While some industries are more dangerous than others to work in, virtually anyone can get hurt on the job. When you become injured, your likely goal is to get relief from your pain as quickly as possible. In moments like those, you may not remember what steps your employer requires you to take if you’re hurt on the job. Even if you know them, you may wonder if you’re really obligated to see a doctor of their selection or if you can see one of your own.
If you’re hurt on the job in Dauphin, then the very first step that you should take is to report what happened to your supervisor. You should then let them know that you want to be seen by a doctor right away. Then, immediately request a workers’ compensation claim form and fill it out.
The reason why you want to take these three steps after becoming injured on the job is because an employer isn’t required to offer any workers’ compensation benefits until you request them. By reporting your injury right away, you’ll ensure that there won’t be any delay in receiving lost income or medical payments.
If you’re hurt on the job, then it’s likely that your employer will give you the name and contact information for a doctor and tell you to go see them. A common question that attorneys get asked by workers is if they have to go see the doctor of their employer’s choosing. Sadly there’s no single answer to that question.

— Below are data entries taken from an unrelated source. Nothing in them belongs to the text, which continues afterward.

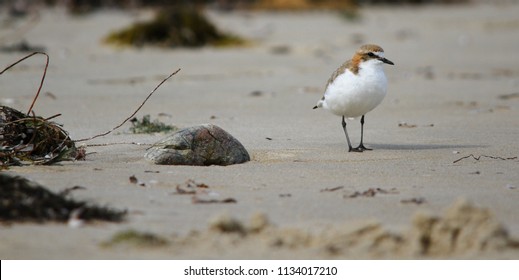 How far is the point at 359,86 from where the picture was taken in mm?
7426

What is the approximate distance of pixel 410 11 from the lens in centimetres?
2094

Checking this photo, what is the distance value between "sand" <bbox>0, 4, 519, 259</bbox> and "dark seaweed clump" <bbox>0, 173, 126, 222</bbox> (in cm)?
11

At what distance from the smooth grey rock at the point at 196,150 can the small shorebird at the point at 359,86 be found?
1.11 meters

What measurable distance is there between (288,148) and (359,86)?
0.75 metres

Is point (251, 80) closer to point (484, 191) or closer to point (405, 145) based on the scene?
point (405, 145)

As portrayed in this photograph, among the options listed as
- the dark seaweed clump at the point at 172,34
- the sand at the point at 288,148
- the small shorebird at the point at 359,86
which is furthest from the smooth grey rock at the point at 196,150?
the dark seaweed clump at the point at 172,34

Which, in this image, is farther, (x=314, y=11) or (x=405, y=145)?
(x=314, y=11)

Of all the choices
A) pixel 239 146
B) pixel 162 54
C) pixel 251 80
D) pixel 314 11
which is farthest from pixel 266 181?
pixel 314 11

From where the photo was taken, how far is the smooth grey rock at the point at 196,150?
659 centimetres

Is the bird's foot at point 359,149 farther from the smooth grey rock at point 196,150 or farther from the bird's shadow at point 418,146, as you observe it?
the smooth grey rock at point 196,150

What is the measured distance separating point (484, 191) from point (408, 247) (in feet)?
4.80

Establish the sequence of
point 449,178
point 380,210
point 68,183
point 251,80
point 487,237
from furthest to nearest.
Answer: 1. point 251,80
2. point 449,178
3. point 68,183
4. point 380,210
5. point 487,237

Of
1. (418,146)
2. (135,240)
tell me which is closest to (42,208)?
(135,240)

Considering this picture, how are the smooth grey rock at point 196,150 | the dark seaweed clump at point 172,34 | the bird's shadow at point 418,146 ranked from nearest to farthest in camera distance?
the smooth grey rock at point 196,150
the bird's shadow at point 418,146
the dark seaweed clump at point 172,34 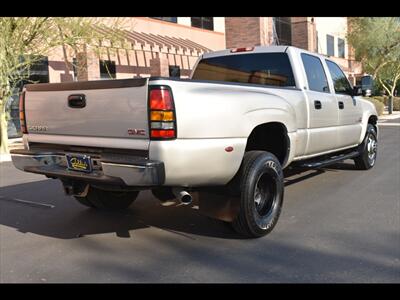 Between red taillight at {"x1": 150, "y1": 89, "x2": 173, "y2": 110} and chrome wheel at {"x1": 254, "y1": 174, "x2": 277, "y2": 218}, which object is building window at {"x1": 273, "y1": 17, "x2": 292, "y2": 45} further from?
red taillight at {"x1": 150, "y1": 89, "x2": 173, "y2": 110}

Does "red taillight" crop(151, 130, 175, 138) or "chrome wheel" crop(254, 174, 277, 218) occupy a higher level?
"red taillight" crop(151, 130, 175, 138)

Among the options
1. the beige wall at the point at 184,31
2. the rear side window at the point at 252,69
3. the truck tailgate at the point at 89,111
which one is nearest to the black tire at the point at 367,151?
the rear side window at the point at 252,69

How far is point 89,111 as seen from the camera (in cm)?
429

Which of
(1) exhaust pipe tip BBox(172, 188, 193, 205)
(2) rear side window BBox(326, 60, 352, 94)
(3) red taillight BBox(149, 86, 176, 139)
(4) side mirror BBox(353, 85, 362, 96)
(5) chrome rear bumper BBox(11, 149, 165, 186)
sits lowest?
(1) exhaust pipe tip BBox(172, 188, 193, 205)

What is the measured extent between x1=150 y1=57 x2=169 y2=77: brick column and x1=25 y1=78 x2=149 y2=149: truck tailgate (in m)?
14.9

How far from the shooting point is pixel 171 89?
12.6 ft

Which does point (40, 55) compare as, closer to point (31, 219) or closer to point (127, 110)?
point (31, 219)

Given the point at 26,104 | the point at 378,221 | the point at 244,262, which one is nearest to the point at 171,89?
the point at 244,262

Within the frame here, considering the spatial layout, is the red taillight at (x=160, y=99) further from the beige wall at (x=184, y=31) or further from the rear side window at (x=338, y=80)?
the beige wall at (x=184, y=31)

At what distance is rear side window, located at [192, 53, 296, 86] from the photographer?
19.6ft

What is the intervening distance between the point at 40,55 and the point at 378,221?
1084 cm

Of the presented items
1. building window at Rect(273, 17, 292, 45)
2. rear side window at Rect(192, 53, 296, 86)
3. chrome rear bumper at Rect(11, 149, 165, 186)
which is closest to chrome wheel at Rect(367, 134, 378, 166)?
rear side window at Rect(192, 53, 296, 86)

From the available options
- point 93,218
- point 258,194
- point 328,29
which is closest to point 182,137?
point 258,194

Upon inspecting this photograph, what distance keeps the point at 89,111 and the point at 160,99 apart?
34.1 inches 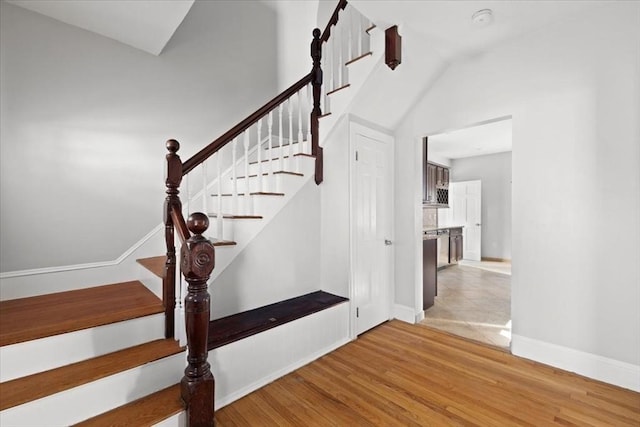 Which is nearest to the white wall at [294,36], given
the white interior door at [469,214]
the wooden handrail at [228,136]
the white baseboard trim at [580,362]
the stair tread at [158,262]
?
the wooden handrail at [228,136]

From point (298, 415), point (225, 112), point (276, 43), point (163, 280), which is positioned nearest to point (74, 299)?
point (163, 280)

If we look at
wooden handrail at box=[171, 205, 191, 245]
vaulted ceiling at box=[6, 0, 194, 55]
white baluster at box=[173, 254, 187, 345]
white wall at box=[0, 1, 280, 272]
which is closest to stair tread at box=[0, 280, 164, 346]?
white baluster at box=[173, 254, 187, 345]

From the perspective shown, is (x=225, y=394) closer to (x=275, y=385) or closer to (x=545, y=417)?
(x=275, y=385)

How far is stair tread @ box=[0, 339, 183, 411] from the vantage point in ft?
4.29

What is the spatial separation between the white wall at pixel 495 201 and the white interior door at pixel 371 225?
5.41 metres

Your options vary by jurisdiction.
You may be required to see the doctor your employer refers you to for at least a month before transferring to one of your choice — with some exceptions. You may be allowed to switch doctors much sooner if the doctor that you’ve been asked to see is not adequately trained to treat your condition or if they’re not providing you with an adequate level of care.
Workers’ compensation benefits that you may qualify for include medical and disability payments. If your injury impacts your ability to return to work, then you may qualify for a permanent disability settlement and even vocational rehabilitation. A workers’ compensation attorney can guide you in understanding what types of coverage you may be eligible for under Pennsylvania law.